How does refinancing a car loan after divorce actually work?
The idea is simple. The spouse keeping the car applies for a new auto loan in their name alone, the new lender pays off the existing joint loan, and the other spouse walks away with no connection to the debt.
In practice, you clear a few hurdles.
Credit score does a lot of the work. Most lenders want at least 620 to 660 for a standard auto refinance, though some credit unions go lower [7]. If the keeping spouse was a non-working spouse or has a thin file, qualifying alone can be hard.
Age and mileage matter. Many lenders won't refinance cars older than 10 years or past 100,000 to 125,000 miles, depending on the shop. Check eligibility before you build the whole plan around this path.
Loan-to-value matters. Owe $20,000 on a $15,000 car and most lenders won't finance the full underwater amount. Some stretch to 125% loan-to-value on a refinance. That's not universal.
Credit unions tend to be more flexible than banks on all of it. The National Credit Union Administration's locator helps you find one you can join [7]. Online lenders like PenFed and LightStream also refinance auto loans and can quote a rate without a hard credit pull in most cases.
Timing runs 3 to 14 days from application to funding. Build that into whatever deadline you write into the settlement.
Does the car title transfer happen automatically in a divorce?
No. A divorce decree does not transfer a car title on its own. The title is a separate document run by your state's DMV or its equivalent, like the Texas DMV or the California DMV [5].
After the divorce is final and the settlement names who gets the car, the receiving spouse usually brings three things to the DMV: the original title signed over by the other spouse, a copy of the divorce decree, and the transfer fee. States handle the details differently. California allows a court-ordered transfer without the other spouse's signature if you bring a certified copy of the decree [5]. Texas has a similar path through the county tax office [10].
Call your state DMV or check the website first. Ask specifically about "title transfer pursuant to a divorce decree." Some states have a dedicated form.
One practical note for the spouse giving up the car: get the title out of your name as soon as the divorce is done. If the keeping spouse crashes the car while your name is still on the title, you can catch liability exposure. The decree protects you legally, but untangling an insurance or civil claim is a headache you don't need.
Title transfer fees vary by state. Most run between $10 and $75 [5].
What if you have a leased car instead of a financed one?
A lease is harder than a loan because you don't own the car. You're renting it from the leasing company, and your options stop where their rules stop.
You can't move a lease to one spouse's name by agreement. The leasing company has to approve any change.

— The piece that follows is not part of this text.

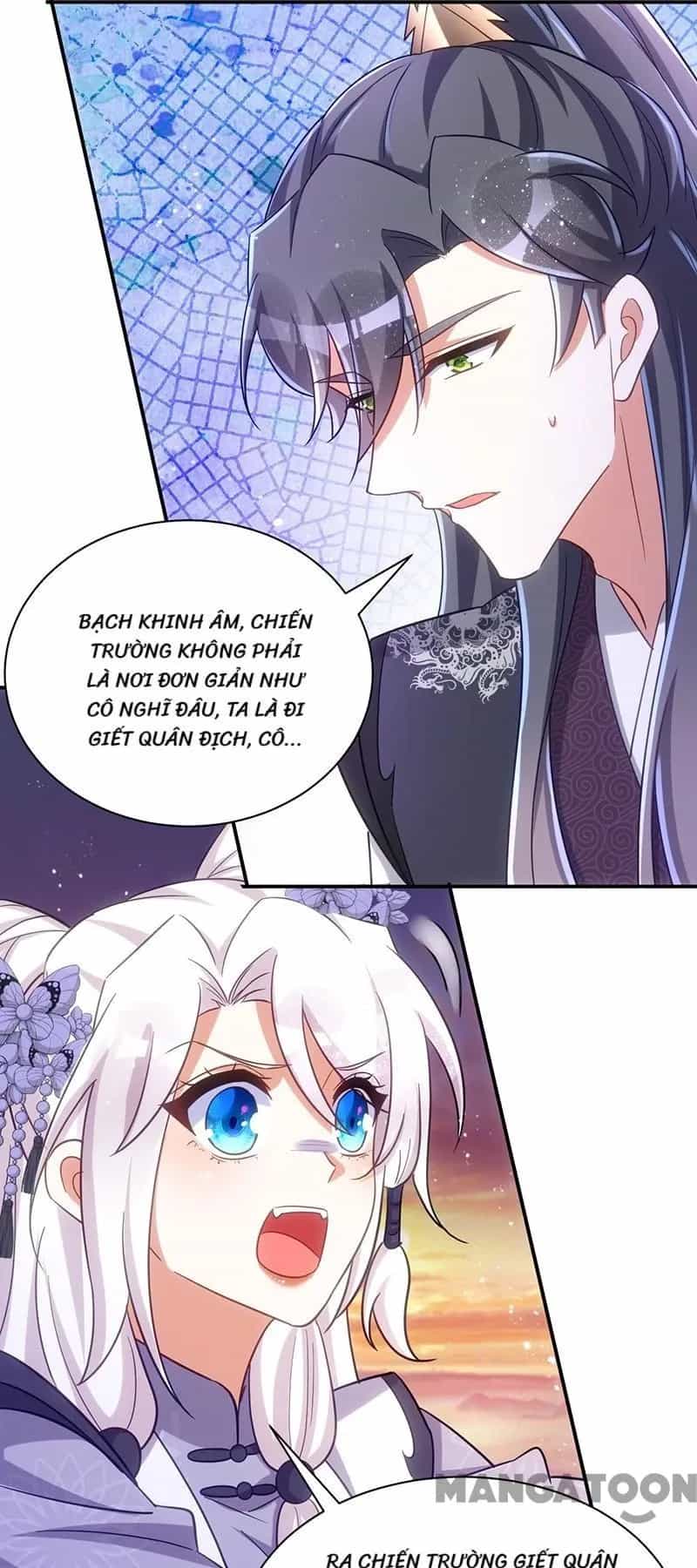 Manh Hổ Trọng Sinh : Tướng Quân Đại Nhân Muốn Ôm Ôm - Chương 113 - ảnh 28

Some captive lenders (Toyota Financial Services, Honda Financial, and the like) allow a lease transfer to a qualified individual, but they require the new lessee to meet credit standards and charge a transfer fee, often $300 to $500.
If neither spouse qualifies to take over the lease alone, you're left with two choices: keep paying jointly until the lease ends, or return the car early. Early return usually triggers a termination penalty that can run several thousand dollars.
Call the leasing company before you finalize anything. Ask about your specific contract and get their policy in writing. Then write the plan into the settlement, including who pays any transfer fee or termination penalty.
How should you list the car and loan in your divorce papers?
List the asset and the debt separately, even though they attach to the same car. On the asset schedule, put the car: year, make, model, VIN, estimated current value. On the debt schedule, put the loan: lender, account number, current balance, monthly payment. Then in the property division section, tie them together: Spouse A receives the car and takes sole responsibility for the loan.
Most uncontested divorces file a settlement agreement as part of the paperwork, and this is where the split lives.
State court self-help centers hand out worksheets for listing assets and debts. California's self-help page has a property declaration form (FL-160) that walks you through it [4]. Most state judicial branch sites carry something similar.
Filing your own divorce papers? Double-check your state's form requirements. Some states use a separate vehicle transfer form, or ask for extra documentation when one party assumes the loan.
A divorce attorney can read your settlement if you're unsure the language holds, even while you handle the rest yourself. A one-hour consultation runs $150 to $350 depending on the market [8]. For a simple agreed case, that hour might be all you need.
What are the tax implications of transferring a car in a divorce?
Good news. Transfers of property between spouses incident to divorce are generally not taxable under IRS rules [9]. Section 1041 of the Internal Revenue Code covers it. The statute states that "no gain or loss shall be recognized on a transfer of property from an individual to (or in trust for the benefit of) a spouse, or a former spouse, but only if the transfer is incident to the divorce."
You don't owe tax just because you received the car, and your ex doesn't owe tax for transferring it out.
One wrinkle. If you later sell the car, the basis for calculating gain or loss is what the original owner paid (adjusted basis), not what the car was worth on the divorce date. For everyday cars this rarely matters, since cars depreciate and you almost never sell one at a profit. It matters for an unusual or collectible vehicle.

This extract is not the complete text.